It should also be considered that if you are not a regular smoker the lighter fluid eventually evaporates meaning it will need re-filling when you come to use it. This generally doesn't apply to pipe smokers as they probably use a lighter more than any smoker.

Gas Pipe lighters

Gas is stored in a chamber under pressure. As the valve is opened the gas is forced out under pressure, giving a steady stream of flammable gas, that once ignited gives a constant flame until the valve is shut.

Gas lighters are very clean burning and the gas cannot escape like it does with a petrol lighter. The Butane gas will not affect the smoke. However there are more functional parts on a gas lighter, which increases the chances of it developing a fault. Gas lighters need two valves and the ability to adjust the valve opening for the flame size. This increases the chance of a mechanical failure and if the lighter is left for years un-used, the rubber seals around the valves perish causing the gas to leak out.

It should however be noted that over the years Gas lighters have become more reliable so this isn't as big an issue as it was in the past.

Flame

Classic flame

The classic yellow flame seen on petrol and gas lighters, that is generally not windproof.
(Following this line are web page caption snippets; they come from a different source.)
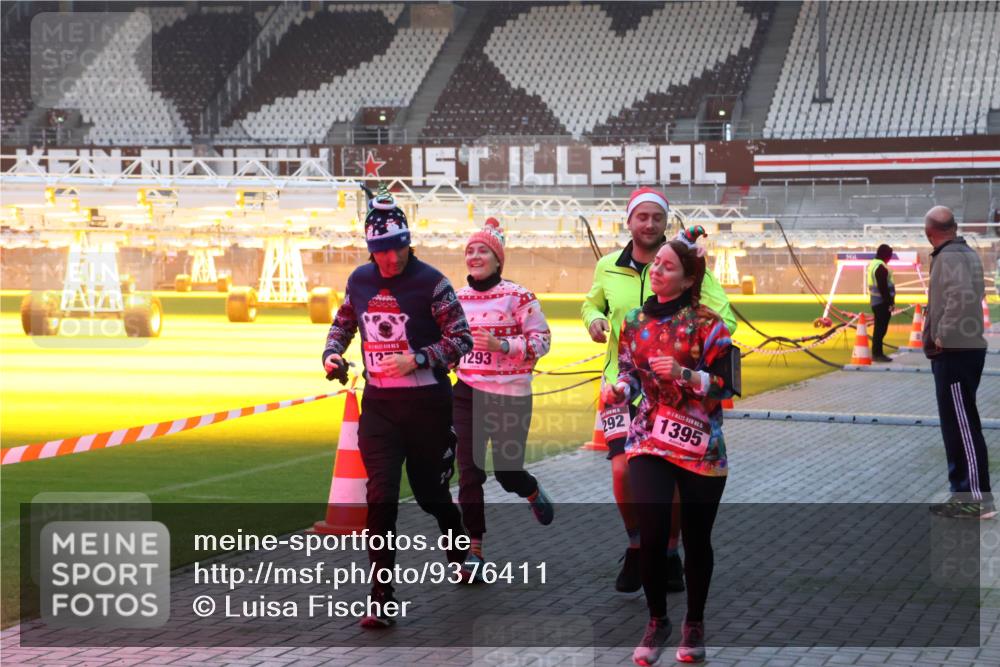 07.12.2025 - St. Pauli X-Mass-Run No. 15 Luisa Fischer http://msf.ph/oto/9376411 07.12.2025 09:57:49 Ziel 13, 1293, 292, 1395, 497, 632, 1292, 1293, 1377, 1395, 2678, 2861, 3320, 4032 meine-sportfotos.de
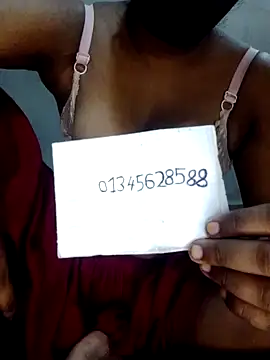 Hot-Tooma online show from July 1, 5:45 pm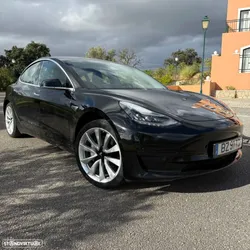 Tesla Model 3 Standard Range Plus RWD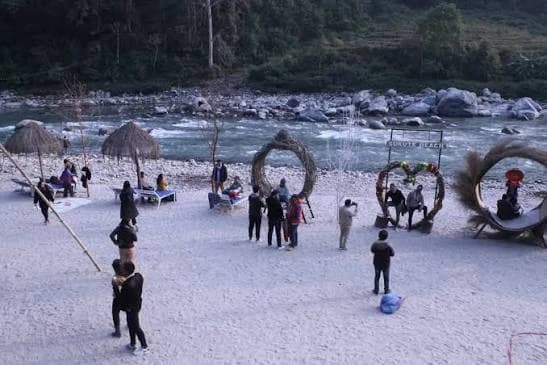 Sukute Beach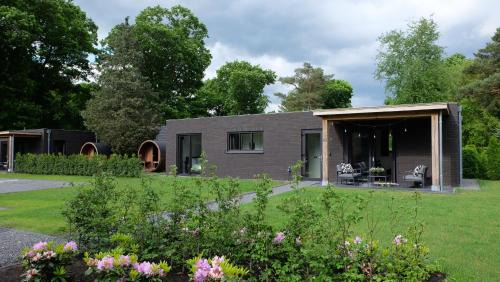 Voorthuizen House | The Black Oak - Luxe bungalow met prive sauna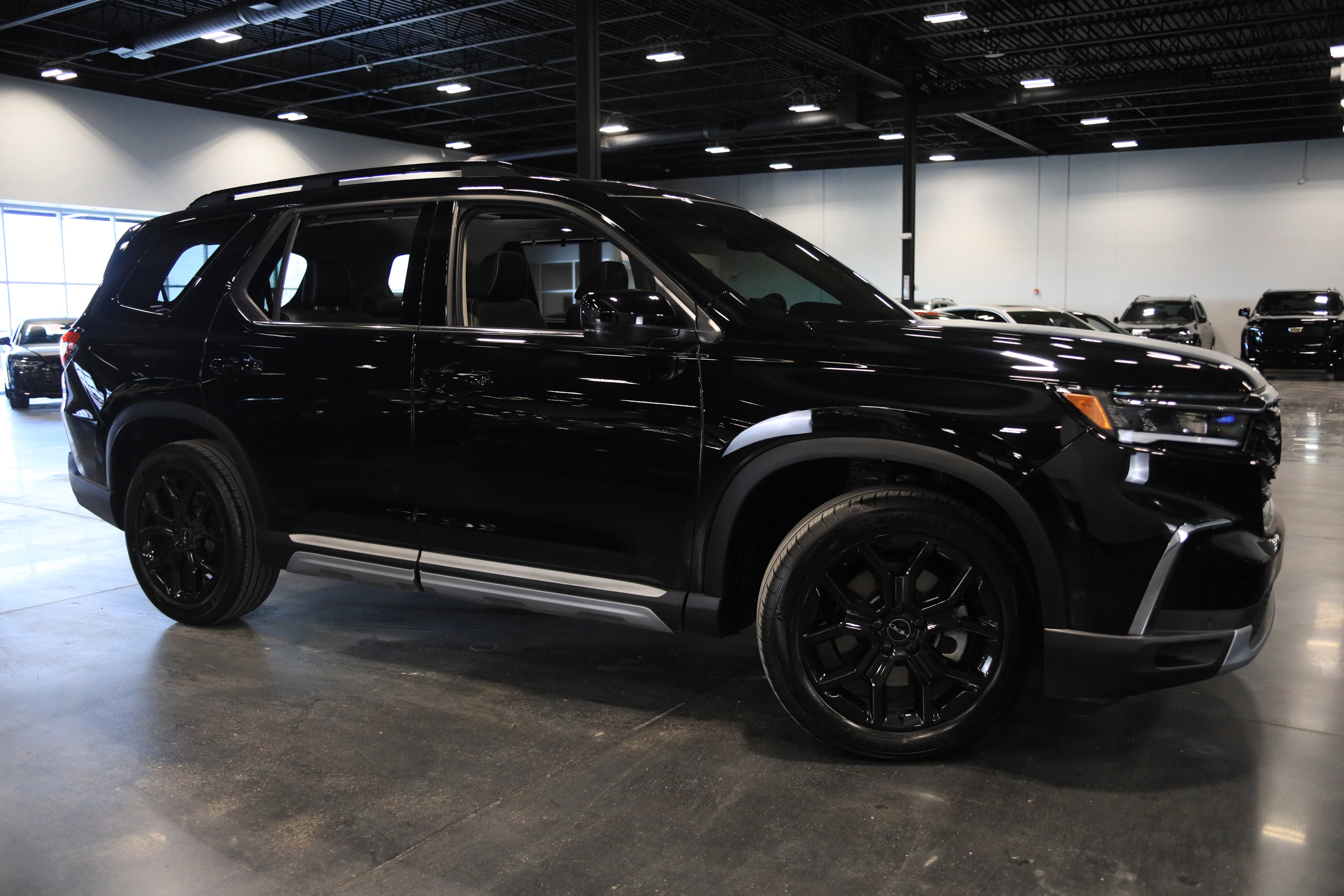 Used 2025 Honda Pilot Elite image 8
This flame is more reliable and can be made more resilient to the wind by the use of a chimney as with the Zippo lighter.

  • Turbo/Jet/windproof: (NOT SUITABLE FOR PIPES!)
  • The turbo flame does not work upside down!
  • Introduced in the 90's this flame design comes in bright blue, Green, Orange or yellow. The gas is forced over an element under pressure, which produces a blow torch style flame, which is windproof. As with any new technology this style of flame can be more temperamental but it wind resistance out weighs the reliability issue for most people. Over the last decade this flame style has been developed and is slowly becoming more reliable.

Ignition

Flint Pipe Lighters

Lighters can be ignited by a flint and wheel, which when rubbed together will cause a shower of sparks directed over the source of fuel. The flint ignition is the most reliable source of ignition and we would strongly recommend a flint lighter over any other ignition for this reason. However flint lighters have lost popularity over the years as many smokers find changing the flint a nuisance and as time passes us by, the thumbs loose the ability to effectively spin the wheel.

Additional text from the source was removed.